Validity of gas marketing margin levied by RIL in question

Mukesh AmbaniThe validity of marketing margin being levied by the Mukesh Ambani-led firm Reliance Industries Ltd (RIL) on the sale of gas from its Krishna Godavari-D6 fields, has been questioned by the Power Ministry and the state-run generation utility NTPC on Friday.

Marketing margin essentially is the cost to "market the product" and to "develop a market" for it, including services and infrastructure.

The issue of marketing margin has come to fore with NTPC and RIL fighting a lawsuit in the Bombay High Court, concerning a 2003 tender for supply of 12 million cubic metres per day of gas. The contract entailed a cost of $4.20 per unit plus the $0.135 per unit marketing margin.

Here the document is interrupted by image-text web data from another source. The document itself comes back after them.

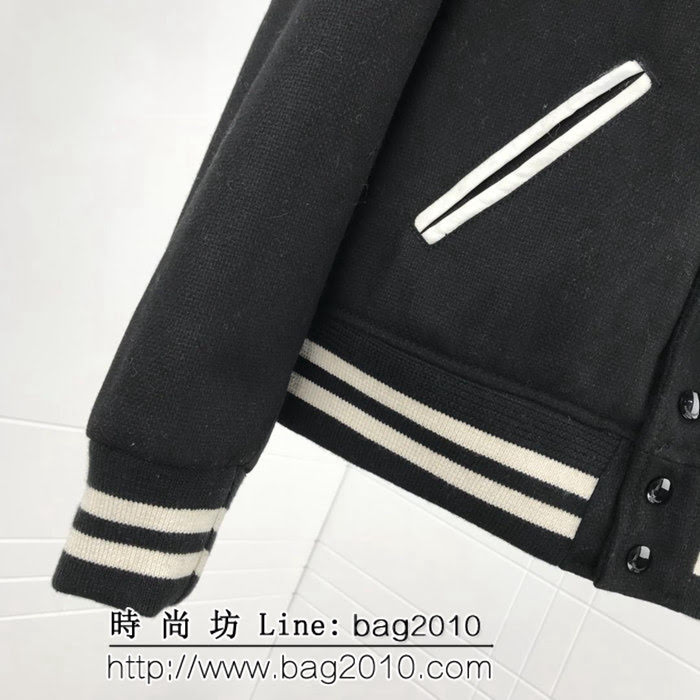 YSL聖羅蘭 升級版棒球服外套 經典回顧 高版本 羊毛呢面料 真皮肩膀拼接 織帶蠟黃對版 情侶款 ydi2582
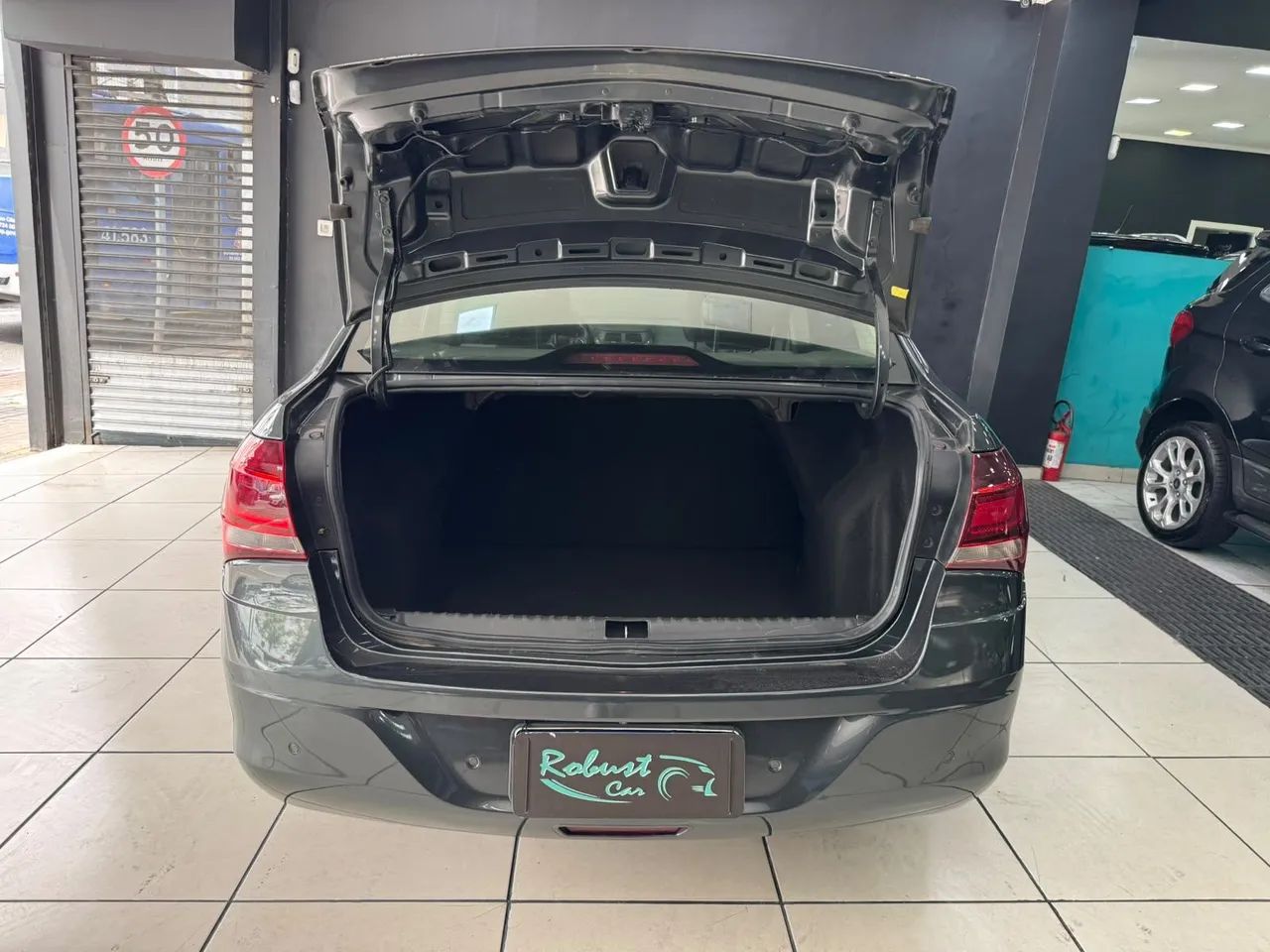 Chevrolet Cobalt LTZ 1.8 8V Econo.Flex 4p Aut., foto 16 de 19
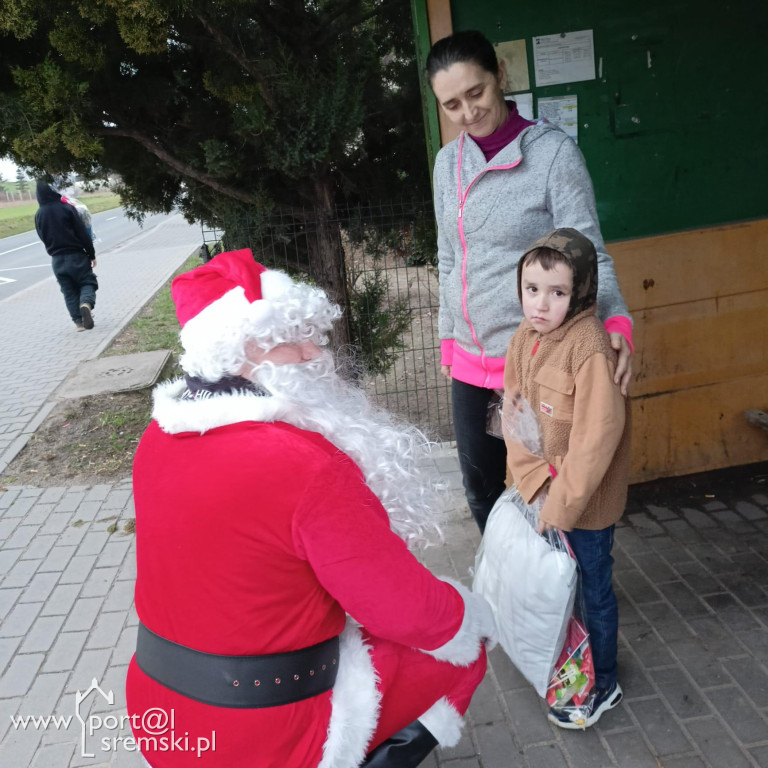 Mikołaj odwiedził dzieci w  Chrząstowie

Writing to the Power Ministry, NTPC had sought confirmation on the payment of the marketing margin.

However, opposing the marketing margin being charged by RIL on gas from its Andhra offshore field, the Power Secretary, HS Brahma, said that margins are usually imposed when distribution chains are involved; however, he added this was not the case in a gas sales agreement.

Responding to media queries about the validity of the levy by RIL, Brahma told reporters: "Normally, marketing margins are involved where there is a wholesaler, a distributor, a retailer… But in this case of gas sales, there is no wholesaler or retailer. It is a one-man show, one company is doing that."